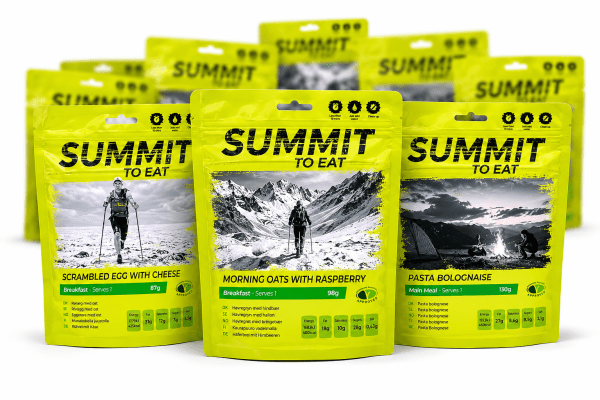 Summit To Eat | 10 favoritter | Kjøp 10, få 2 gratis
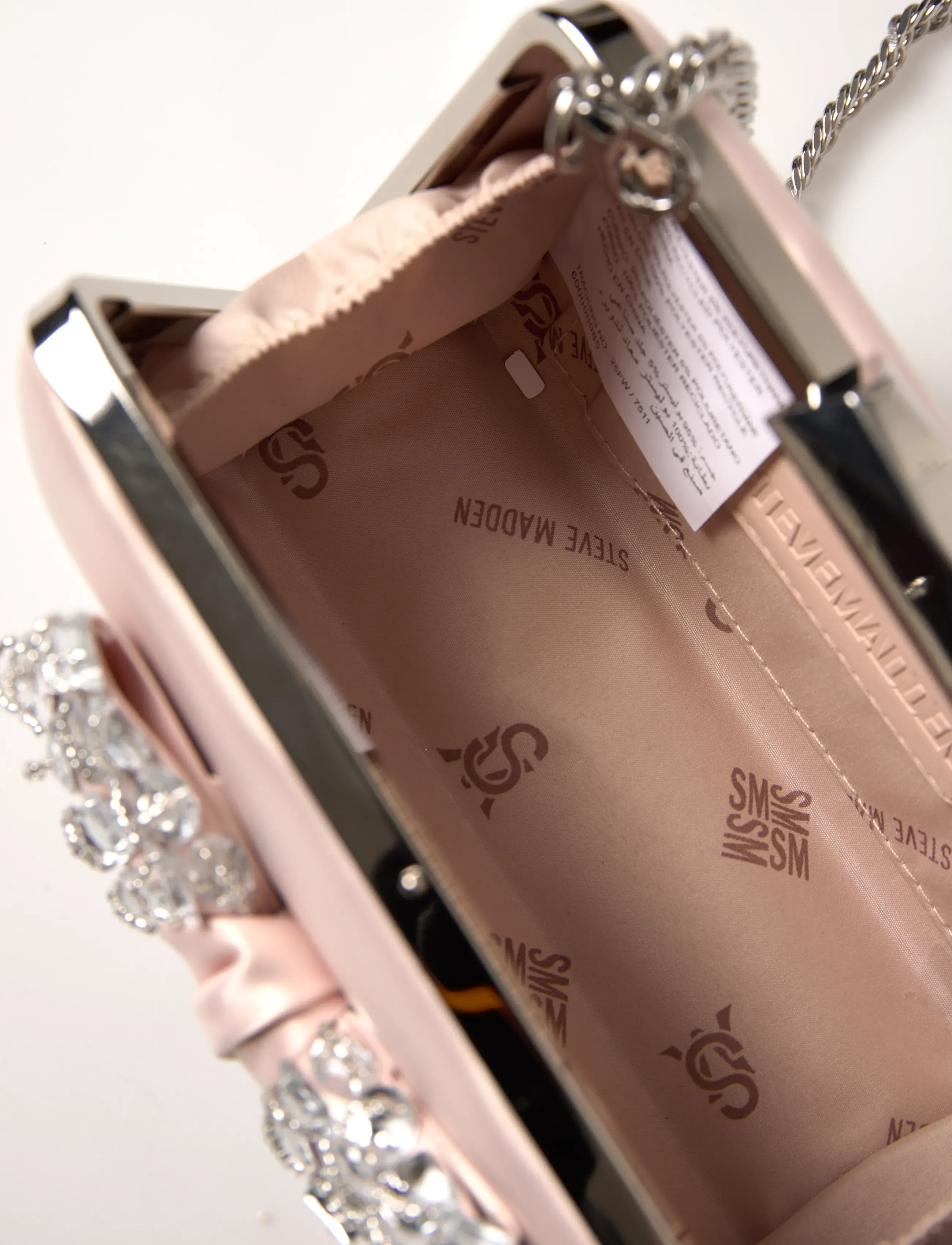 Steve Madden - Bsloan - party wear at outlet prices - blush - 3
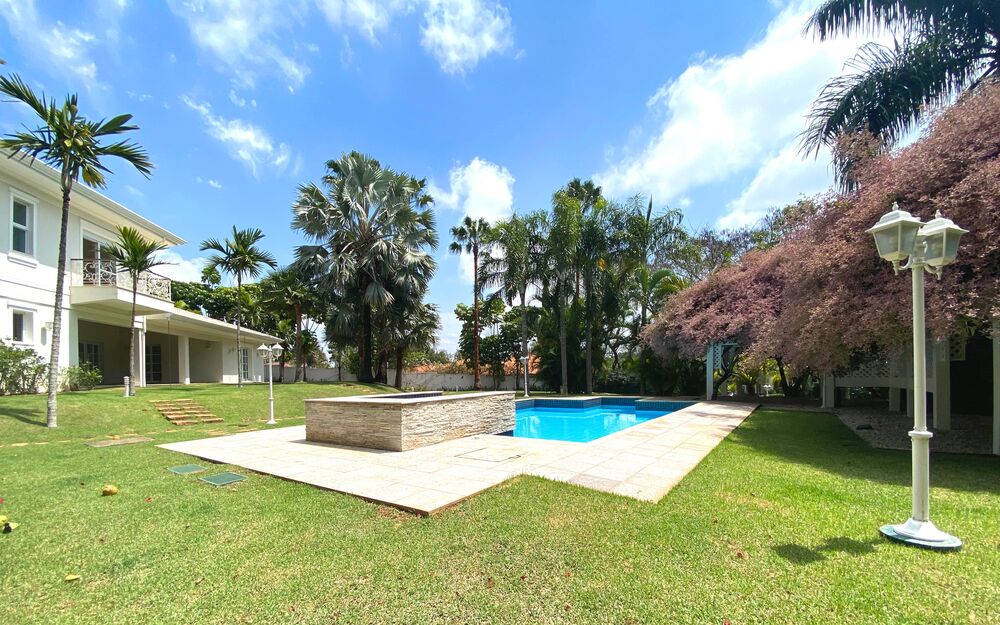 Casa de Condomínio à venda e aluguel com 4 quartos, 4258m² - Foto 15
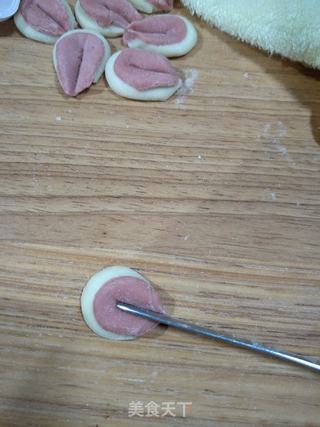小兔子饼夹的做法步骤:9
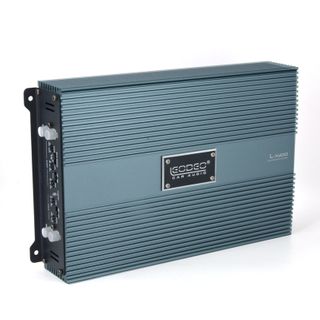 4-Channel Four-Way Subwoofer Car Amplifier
====================
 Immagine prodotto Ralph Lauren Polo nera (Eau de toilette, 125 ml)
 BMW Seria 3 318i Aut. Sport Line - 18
====================
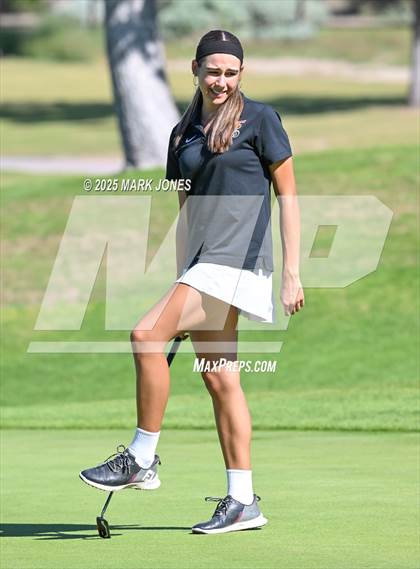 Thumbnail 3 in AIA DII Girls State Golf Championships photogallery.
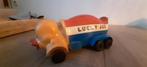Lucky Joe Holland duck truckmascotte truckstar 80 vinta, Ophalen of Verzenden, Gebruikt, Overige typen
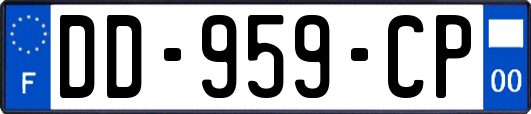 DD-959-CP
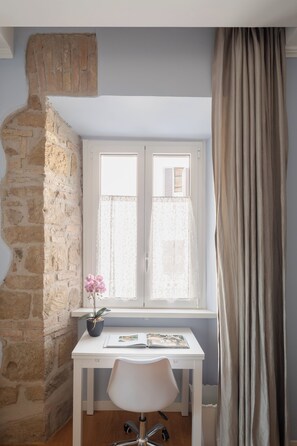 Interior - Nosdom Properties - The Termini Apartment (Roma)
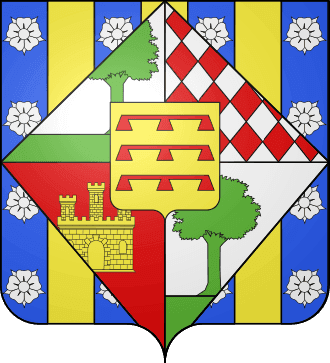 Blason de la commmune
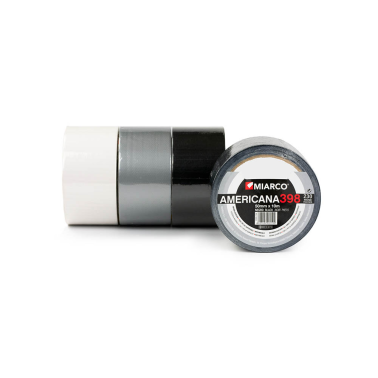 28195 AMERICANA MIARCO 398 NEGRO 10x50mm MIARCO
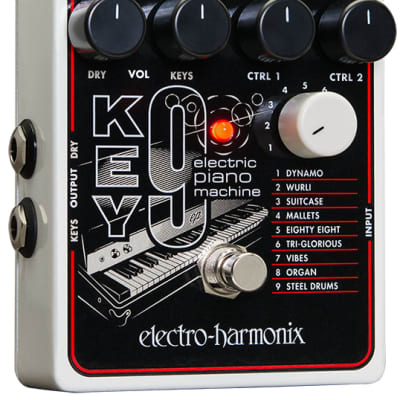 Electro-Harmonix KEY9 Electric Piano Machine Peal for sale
====================
## ACTIVITY
Reproduce, word for word, everything in the listing above from the line containing "28195 AMERICANA MIARCO" down to the line containing "Electro-Harmonix KEY9 Electric", both of them included. No pictures.

## YOUR SOLUTION
 28195 AMERICANA MIARCO 398 NEGRO 10x50mm MIARCO
 Electro-Harmonix KEY9 Electric Piano Machine Peal for sale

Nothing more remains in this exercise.